A couple of large human beings took turns hitting absolute bombs in the late innings. Ohtani's homer went 430 feet to right, but an inning later, Soler got that run back with a 452 foot blast. The ball left Soler's bat at 112 mph.

Here are the takeaways from the Giants' fourth consecutive loss:

Play The Hits

A night after Logan Webb regretted not using his changeup enough, Kyle Harrison stuck to his strengths. He pounded the zone with his fastball early on and ended up throwing it 67 percent of the time. The best was a 96 mph bolt to Mookie Betts that got the game's hottest hitter to fly out on the first pitch with two on in the second. An inning later, the Dodgers jumped back on top.

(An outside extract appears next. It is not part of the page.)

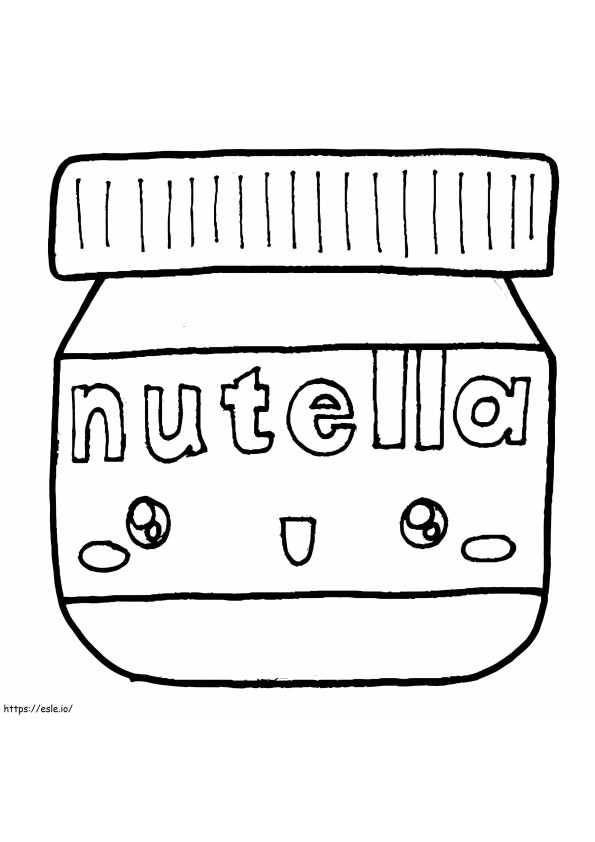 Kawaii Nutella 7 coloring page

Ohtani beat out a grounder to the right side and then somehow scored from first on a double to left. A single from Teoscar Hernandez made it a two-run inning. Miguel Rojas hit an elevated fastball out to left in the third, putting a fourth run on Harrison's line.

Harrison was charged with four earned on six hits and three walks. He struck out four, with Ohtani going down on one of the better changeups he has thrown in the big leagues.

Patty Barrels

Glasnow had struck out three of four when Patrick Bailey crushed a hanging slider with one out in the third. The homer was the first of the year for Bailey, who bulked up in the offseason. He later had a hard single up the middle, which was only the second hit off Glasnow through five innings.

Bailey is batting .375 through the first week, but he had some uncharacteristic throwing issues earlier on the trip. He looked like his old self Wednesday, throwing Hernandez out in the third inning and framing several close pitches for strikeouts.

The Conforto Show

It was a huge road trip for Conforto, who looks poised for a bounceback season after a disappointing first year in San Francisco. Conforto leads the Giants with three homers and he has nine RBI through seven games, the fourth-most in the big leagues.

Conforto finished the trip with 10 hits in 27 at-bats, and the way he's doing it is even more promising. He ranked in the bottom half of the league in most batted-ball metrics last season but already has seven batted balls at 100 mph or above. His single left the bat at 106.5 mph.